Vivo entre muchos libros y extraigo una gran parte de mis ganas de vivir del hecho de que aún leeré la mayoría de ellos. (Elias Canetti)

miércoles, 23 de mayo de 2018

MANUEL VILAS. ORDESA

Hola, buenas tardes. Un miércoles más sale al aire Todos los libros un libro, el espacio de recomendaciones literarias de Radio Universidad de Salamanca, que esta semana os trae una propuesta de lectura muy interesante, muy dura también, un libro descarnado, sincero, intenso, crudo, terrible incluso, pero lleno de ternura, de emoción, de belleza, de verdad, de, en definitiva, vida plena. Os hablo de Ordesa, la por ahora última y muy difundida obra -lleva ya varias ediciones- de Manuel Vilas, el escritor aragonés conocido sobre todo por su obra poética, que vio la luz a finales del pasado 2017 en la editorial Alfaguara. En esta dimensión poética del autor os lo presenté en mi otro espacio de la emisora universitaria salmantina, Buscando leones en las nubes.

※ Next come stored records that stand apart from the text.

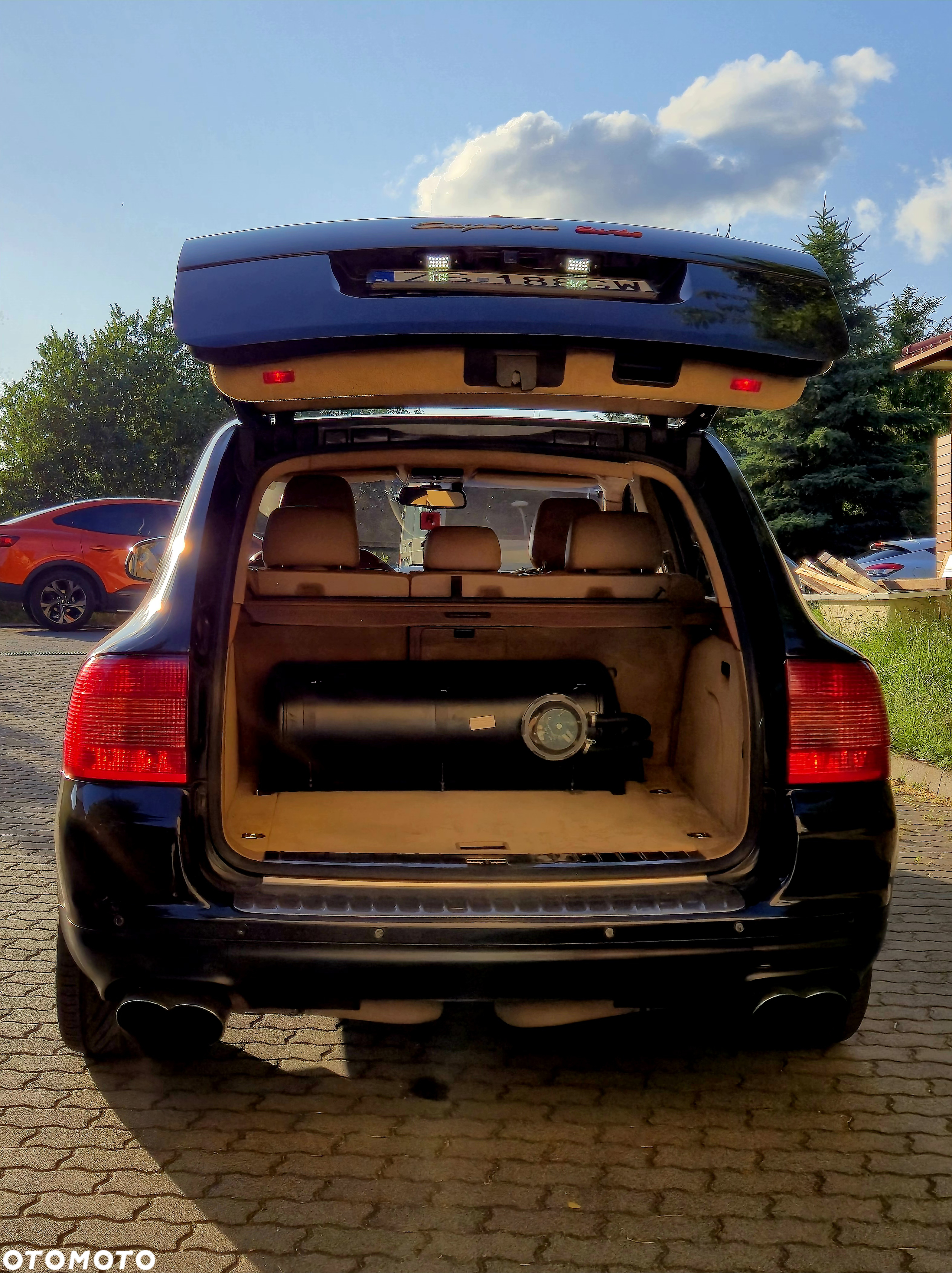 Porsche Cayenne Turbo - 20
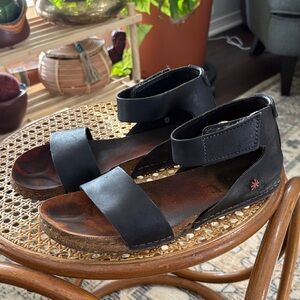 The Art company Creta leather sandals. Measured size 8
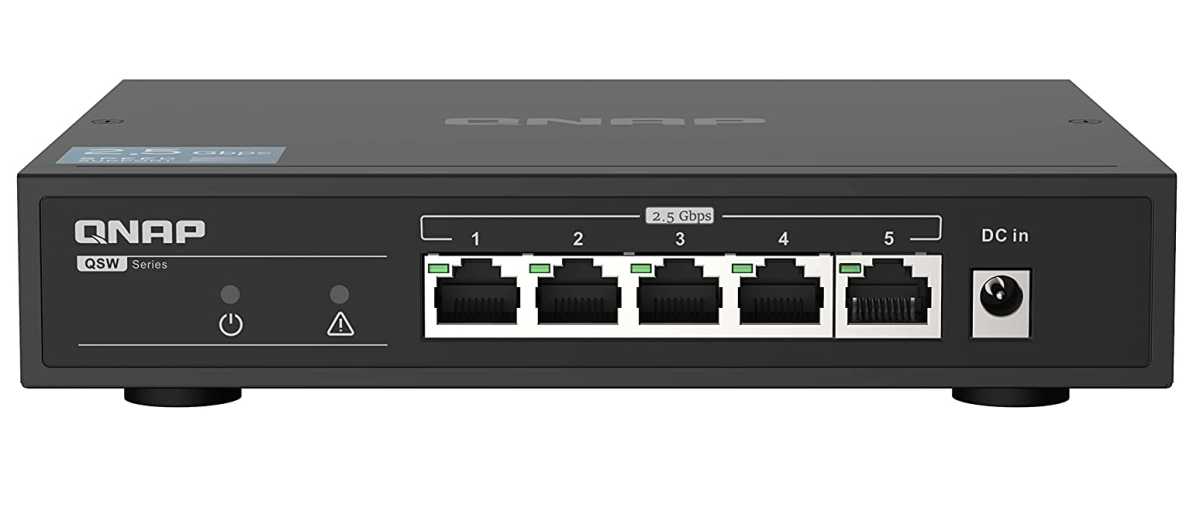 Schneller als Gigabit: Ihren Router können Sie für mehr Tempo mit einem 5-Port-2,5-GbE-Switch wie dem Qnap QSW-1105-5T für rund 95 Euro erweitern.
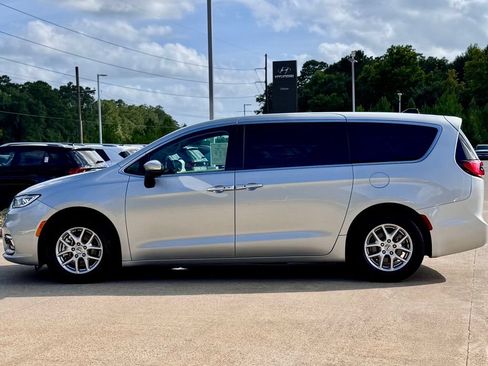 Used 2023 Chrysler Pacifica Touring-L FWD image 11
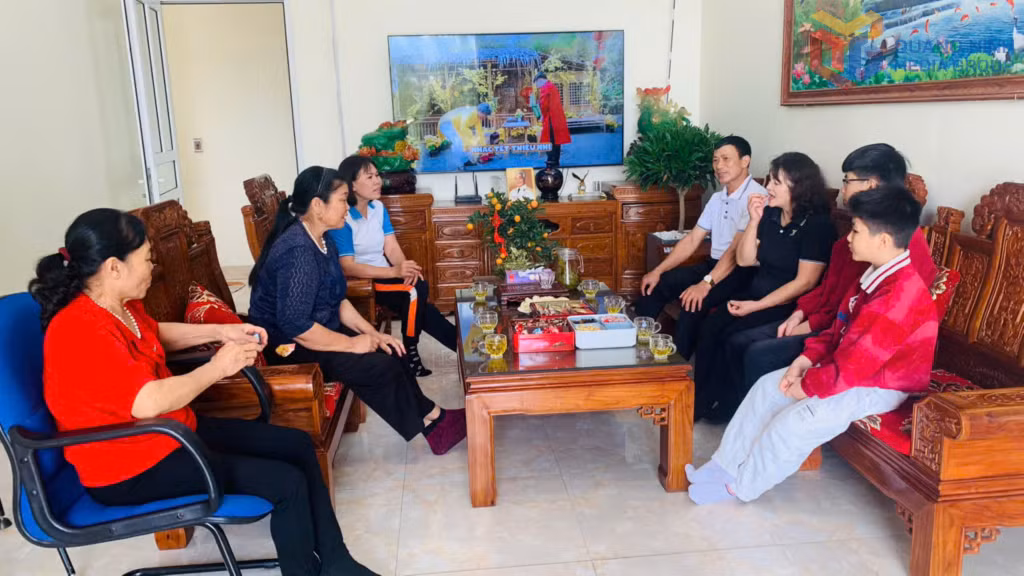 Cán bộ Hội LHPN phường Hà Tu đến thăm gia đình bà Lê Thị Lạc, khu phố Hà Tu 1 (phường Hà Tu) - một trong những gia đình văn hóa của phường Hà Tu.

Hace ya seis años, en mayo de 2012, os ofrecí dos emisiones, que podéis rescatar ahora si el personaje os interesa, centradas en Amor. Poesía reunida. 1988-2010, el libro que por entonces recogía toda su producción como poeta. En las entradas correspondientes del blog podréis escuchar los dos programas y leer, además, algunas aproximaciones muy ilustrativas a la personalidad literaria y humana de Vilas, que pueden resultar esclarecedoras, también, para una mejor comprensión de este Ordesa del que hoy quiero hablaros.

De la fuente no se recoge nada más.